This Rules Notice repeals and replaces effective June 24, 2015 that portion of Market Integrity Notice 2002-012 – Regulation ID Order Markers and Order Inhibition During Regulatory Halts & Suspensions (July 9, 2002), that is under the heading “Regulation ID Order Marker”.

  • 4. Rule 1.1 of UMIR defines the term “insider” as a person who is an insider of an issuer for the purpose of applicable securities legislation.  For further clarification, reference must be made to the securities legislation of every jurisdiction in which the issuer is a reporting issuer or equivalent. 
  • 5. Rule 1.1 of UMIR defines the term “significant shareholder” as a person who holds separately, or in combination with any other persons, more than 20 per cent of the outstanding voting securities of an issuer. As part of a separate initiative on order marking requirements, IIROC expects to propose an amendment to UMIR to change the term “significant shareholder” to “designated shareholder”.  The purpose of this proposed change is to avoid confusion given the adoption by the Canadian Securities Administrators (“CSA”) of the term “significant shareholder” to refer to the holder of 10% or more of the voting securities of an issuer in relation to the insider reporting regime in NI 55-104. 

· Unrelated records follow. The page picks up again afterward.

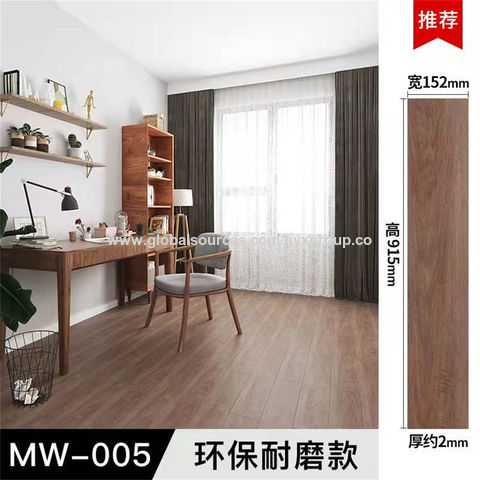 Buy Wholesale China 3d Self-adhesive Wood Grain Floor Wallpaper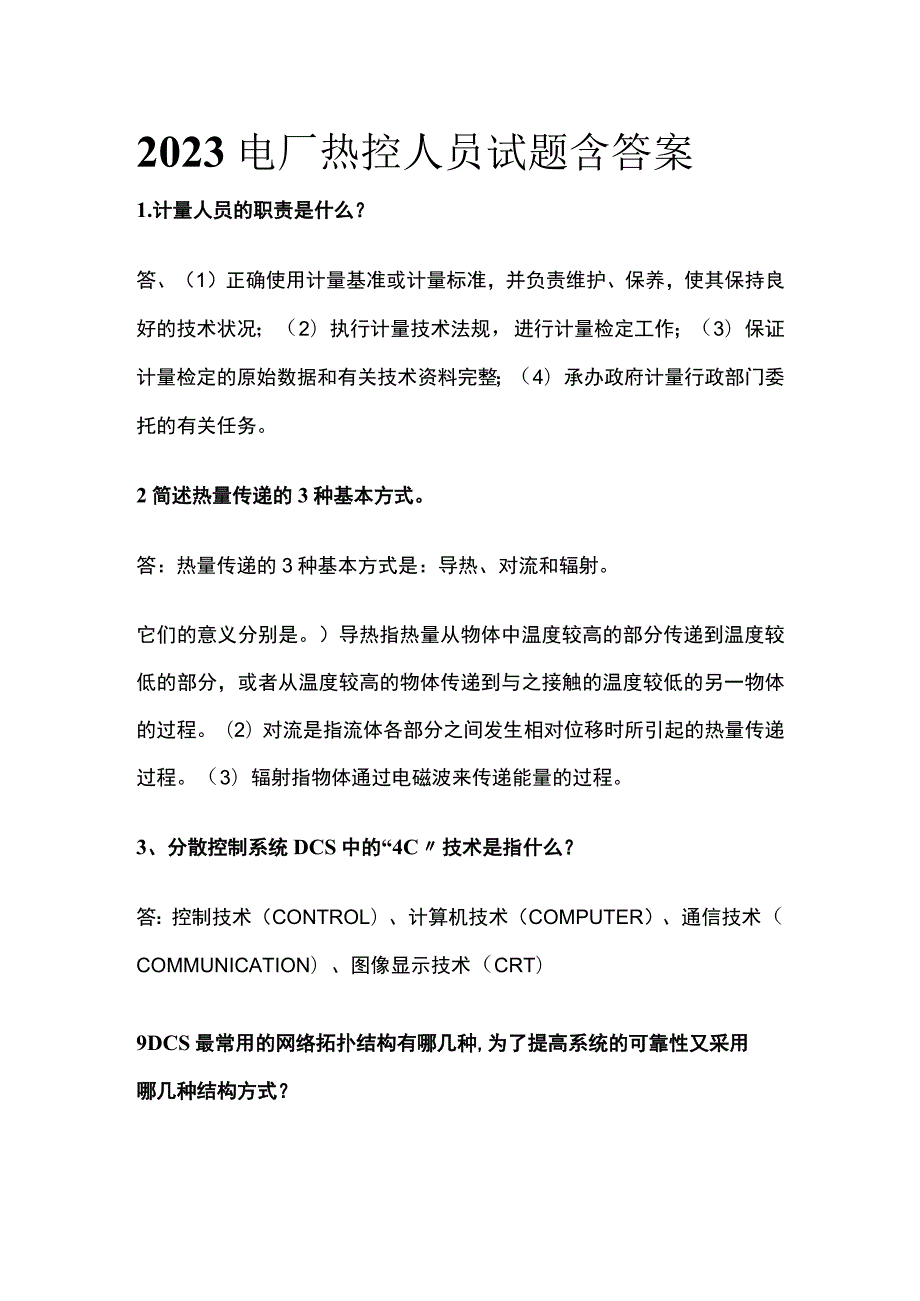 2023电厂热控人员试题含答案.docx_第1页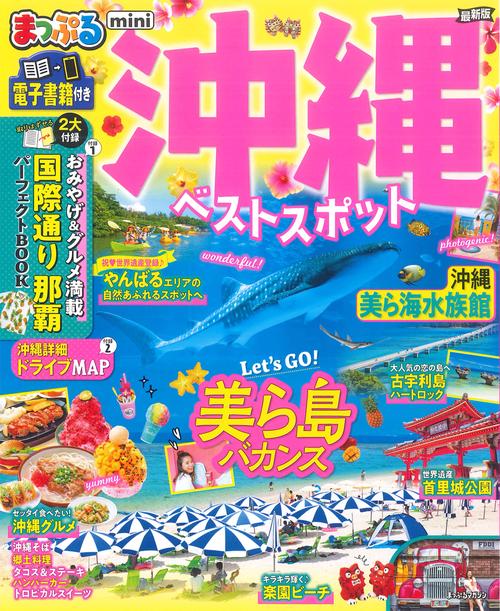 まっぷる 沖縄ベストスポットmini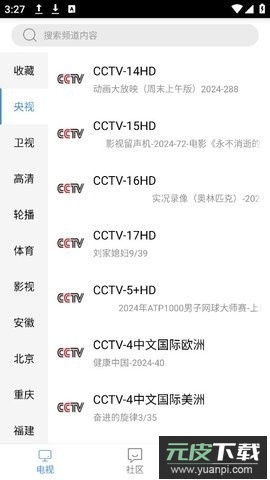 悠兔电视TV版截图1
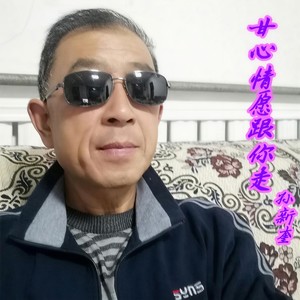 孙新奎 - 甘心情愿跟你走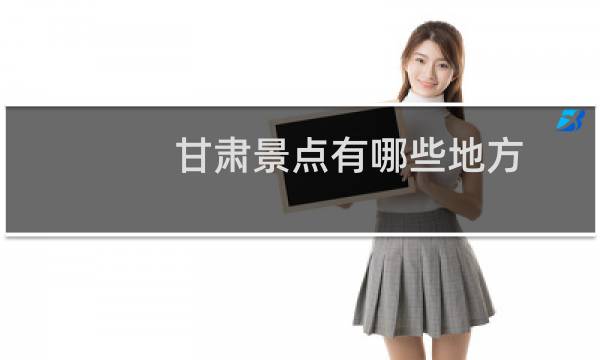 甘肅景點有哪些地方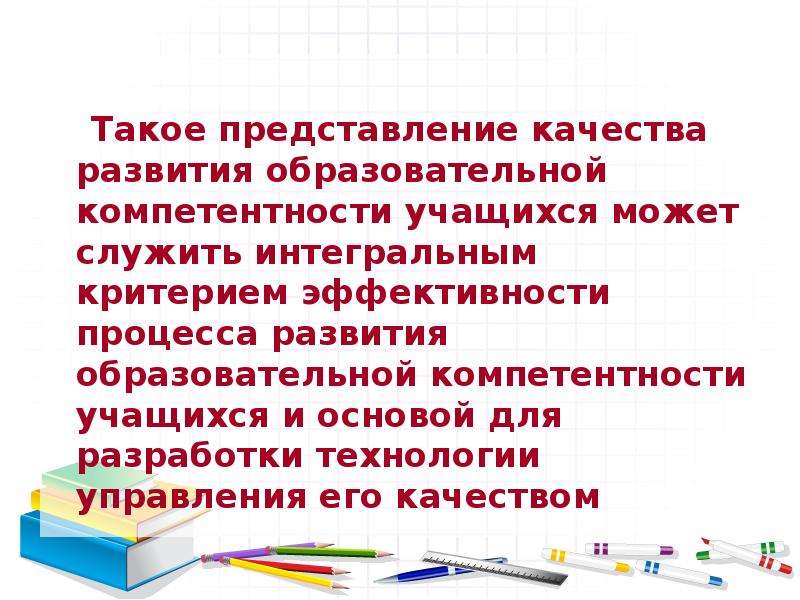 Качества представлений. Представления о качестве образования. Представления о качестве образования главное. Занимался ли развитием педагогических технологий. Представление о качестве основано на.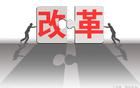 只有順應(yīng)民心的改革才是真正成功的改革！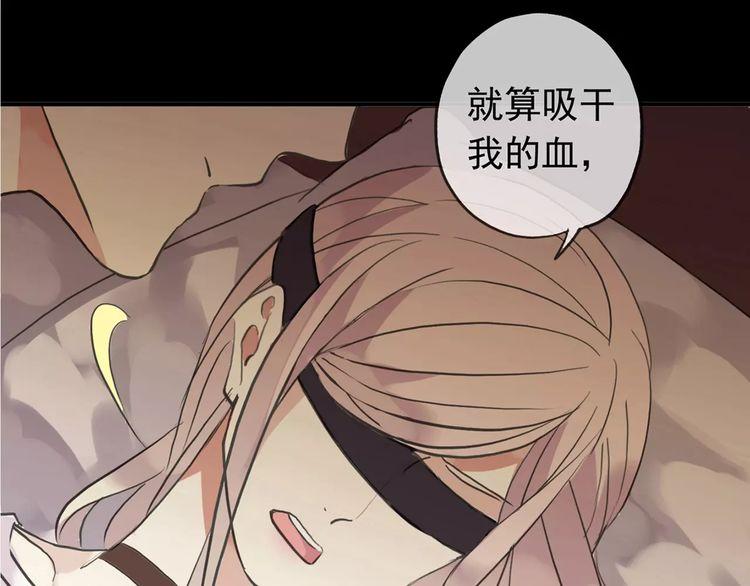 甜美的咬痕韩漫全集-誓约篇 第10话 久违的体温无删减无遮挡章节图片 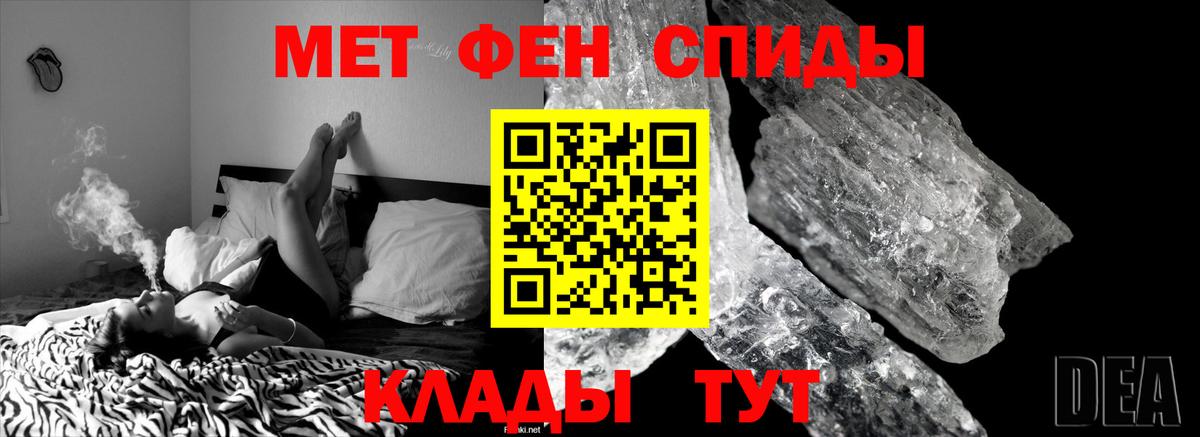 Метамфетамин винт Курган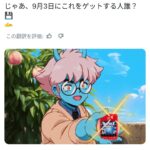 レス1番の画像1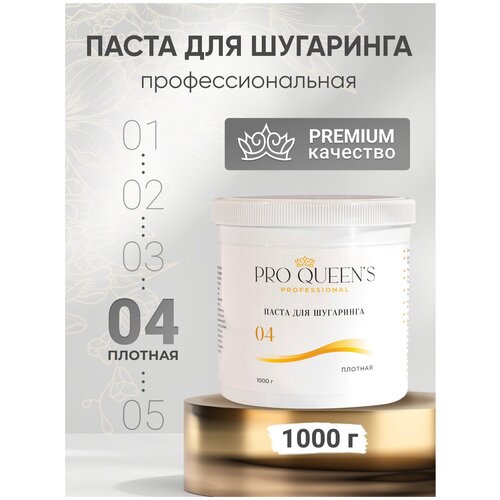 Сахарная паста для шугаринга PRO QUEENS Плотная 1000 гр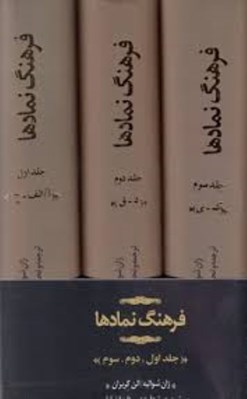 تصویر  فرهنگ نمادها (دوره 3 جلدي)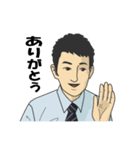 Businessman T氏（個別スタンプ：5）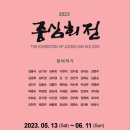 성마루미술관 네이버블로그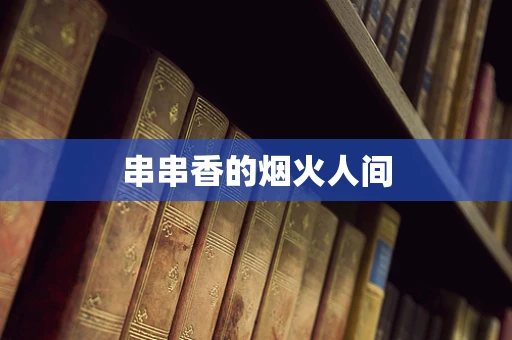 串串香的烟火人间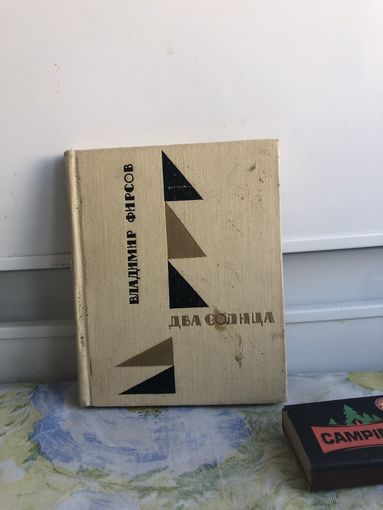 Фирсов В. Два солнца. Книга лирики. малый формат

  • 6. See Market Integrity Notice 2006-014 and Market Integrity Notice 2007-016, op.cit., which were repealed by IIROC Notice 10-0121.
  • 7. The 2010 Insider Order Marking Guidance was also intended to align with the production of publicly disseminated daily reports of insider trades for the accounts of insiders of each listed issuer on the TSX and TSXV, consolidated on a per-security basis (as ordered by the Ontario, Alberta and British Columbia Securities Commissions in September, 2006). These reports were designed to provide public disclosure in a timely manner of the views of an issuer’s core group of insiders (having insider reporting obligations), with information publicly available on the System for Electronic Disclosure by Insiders (“SEDI”).
  • 8. IIROC also acknowledged that any potential “over-marking” of trades with the “IA” designation will not compromise IIROC’s ability to effectively monitor insider trading and is consistent with the broad supervision obligations and liability provisions imposed with respect to trading by statutory insiders and not just reporting insiders. 
  • 9. See IIROC Notice 11-0269  – Rules Notice – Request for Comments – UMIR – Proposed Guidance on “Insider” Order Marking (September 20, 2011).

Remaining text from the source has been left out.